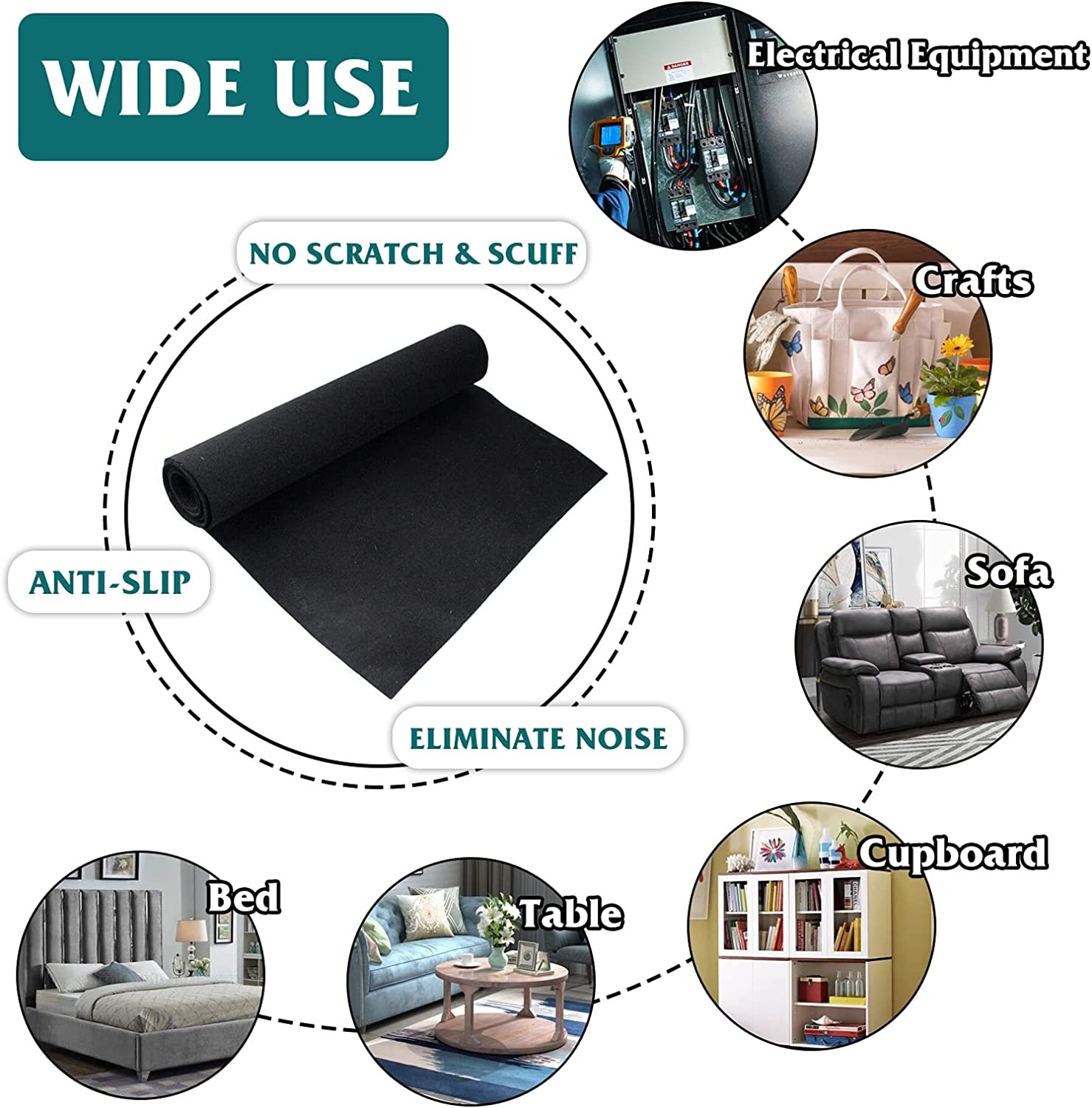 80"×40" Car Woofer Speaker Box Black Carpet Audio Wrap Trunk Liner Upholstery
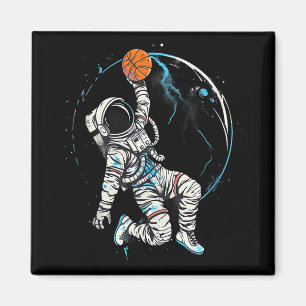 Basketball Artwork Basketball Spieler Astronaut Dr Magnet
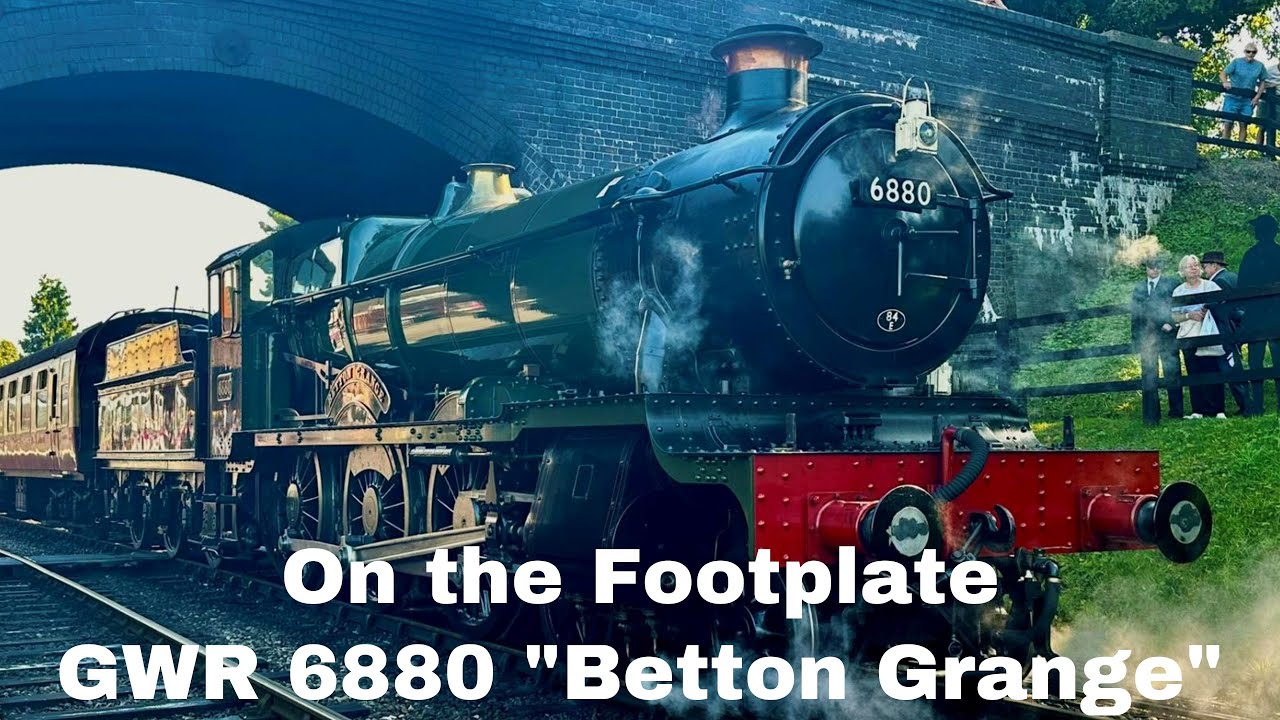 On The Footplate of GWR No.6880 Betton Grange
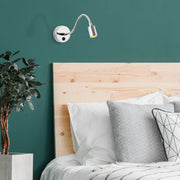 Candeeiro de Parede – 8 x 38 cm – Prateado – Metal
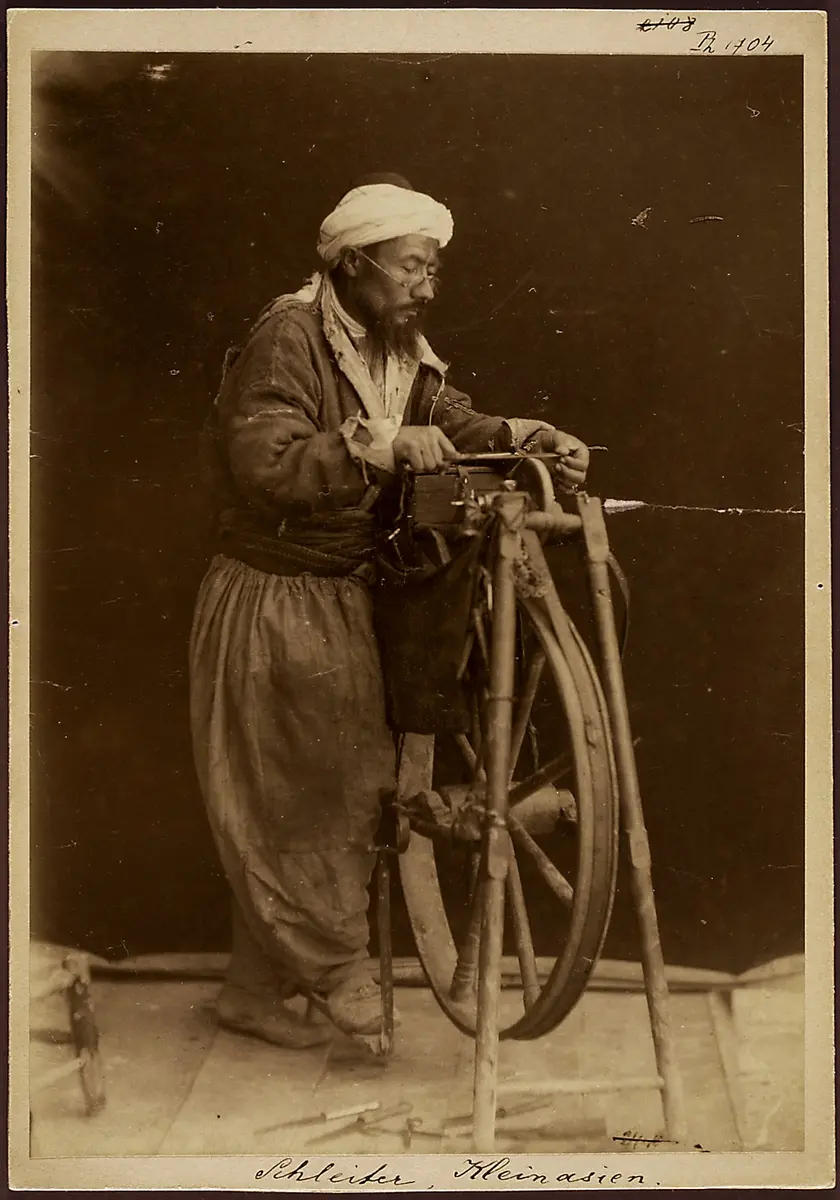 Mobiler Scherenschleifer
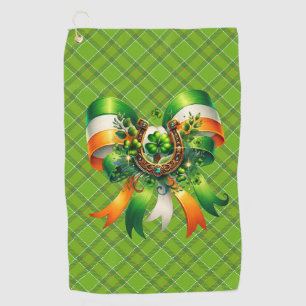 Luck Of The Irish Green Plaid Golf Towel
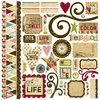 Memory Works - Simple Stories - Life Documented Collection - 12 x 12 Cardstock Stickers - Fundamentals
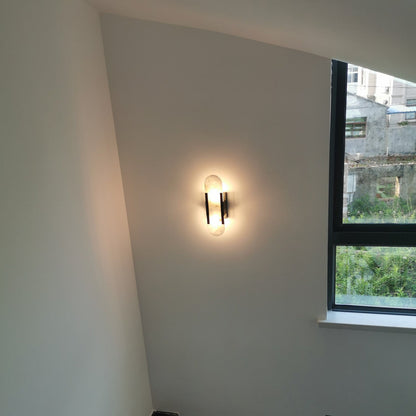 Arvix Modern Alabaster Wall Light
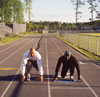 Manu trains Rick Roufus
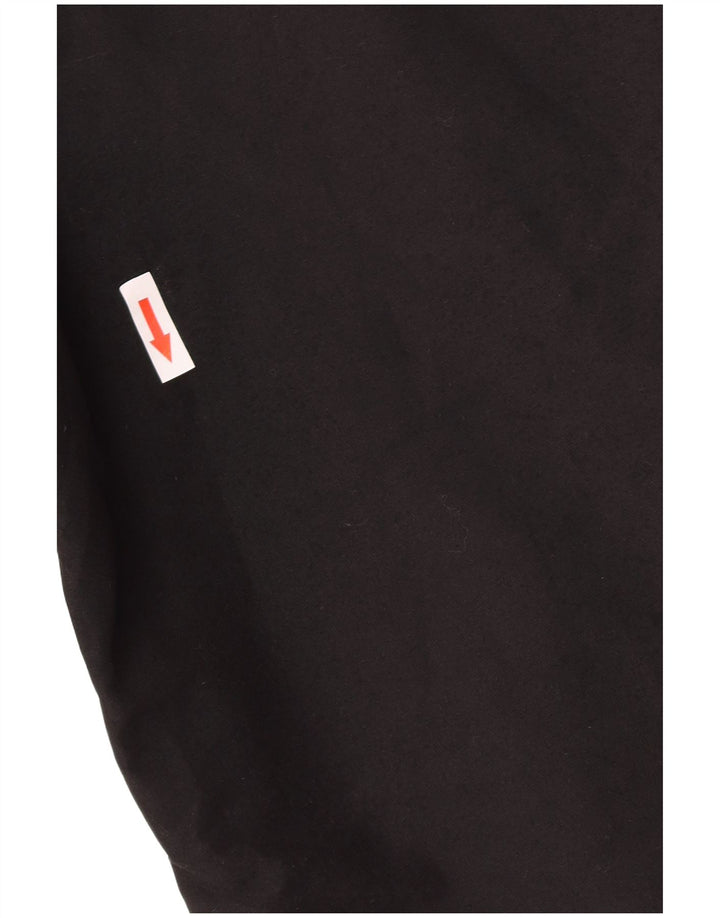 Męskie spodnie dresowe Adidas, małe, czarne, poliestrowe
###
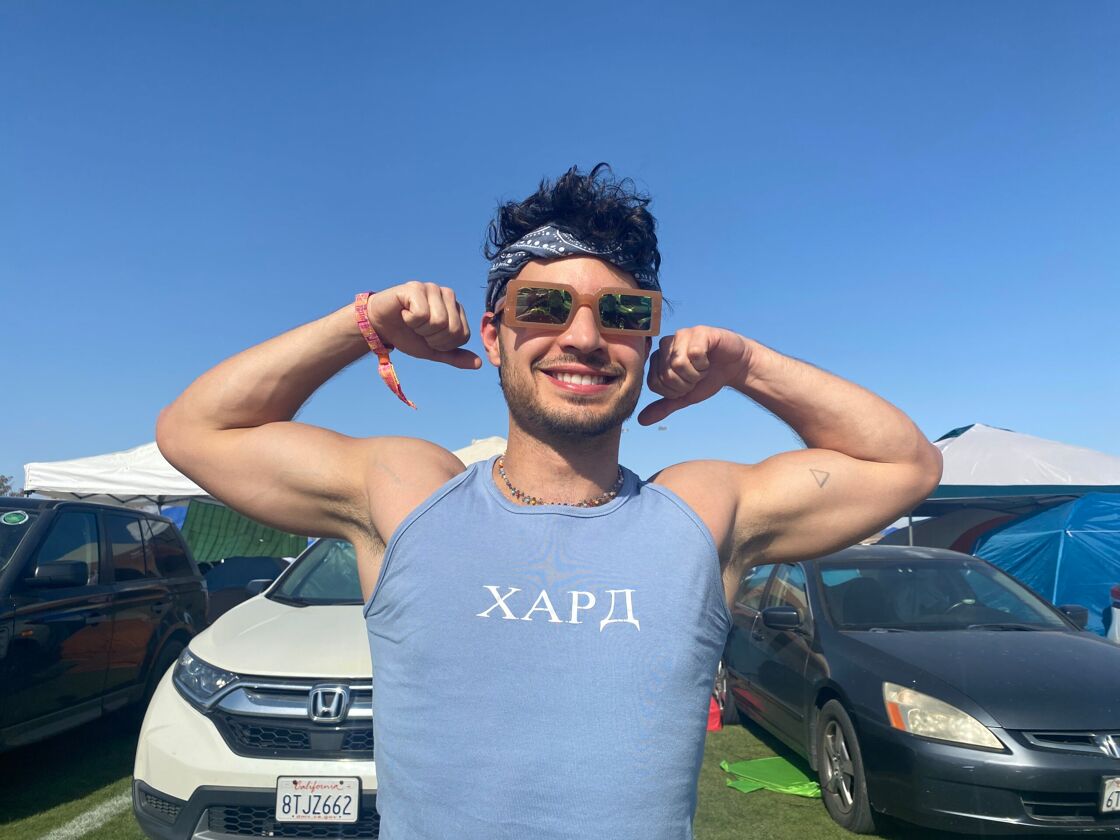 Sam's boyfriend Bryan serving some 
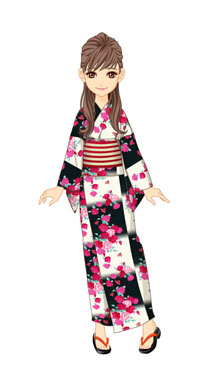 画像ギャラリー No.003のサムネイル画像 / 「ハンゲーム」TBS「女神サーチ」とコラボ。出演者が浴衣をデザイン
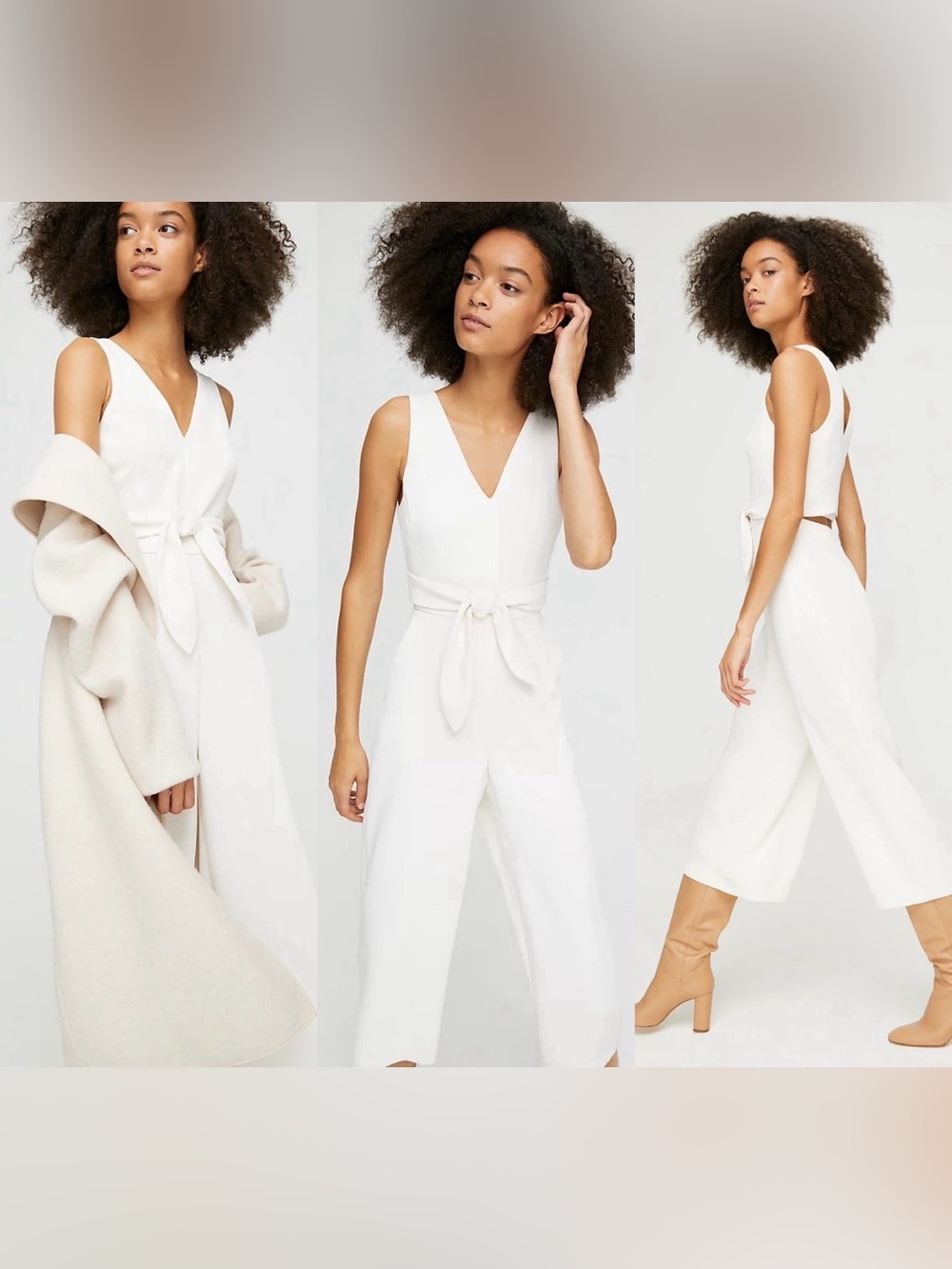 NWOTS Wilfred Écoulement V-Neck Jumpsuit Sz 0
###
**TASK BRIEF:** Above this task is a listing with pictures in it. Retype only the lines from the one containing "Trunk Liner Upholstery" through the one containing "Męskie spodnie dresowe", both included, and not the pictures.

**RESULT FOR THIS TASK:**
 80"×40" Car Woofer Speaker Box Black Carpet Audio Wrap Trunk Liner Upholstery
 Basketball Artwork Basketball Spieler Astronaut Dr Magnet
 On The Footplate of GWR No.6880 Betton Grange
 Candeeiro de Parede – 8 x 38 cm – Prateado – Metal
 Mobiler Scherenschleifer
 Luck Of The Irish Green Plaid Golf Towel
 Memory Works - Simple Stories - Life Documented Collection - 12 x 12 Cardstock Stickers - Fundamentals
 Arvix Modern Alabaster Wall Light
 Manu trains Rick Roufus
 Męskie spodnie dresowe Adidas, małe, czarne, poliestrowe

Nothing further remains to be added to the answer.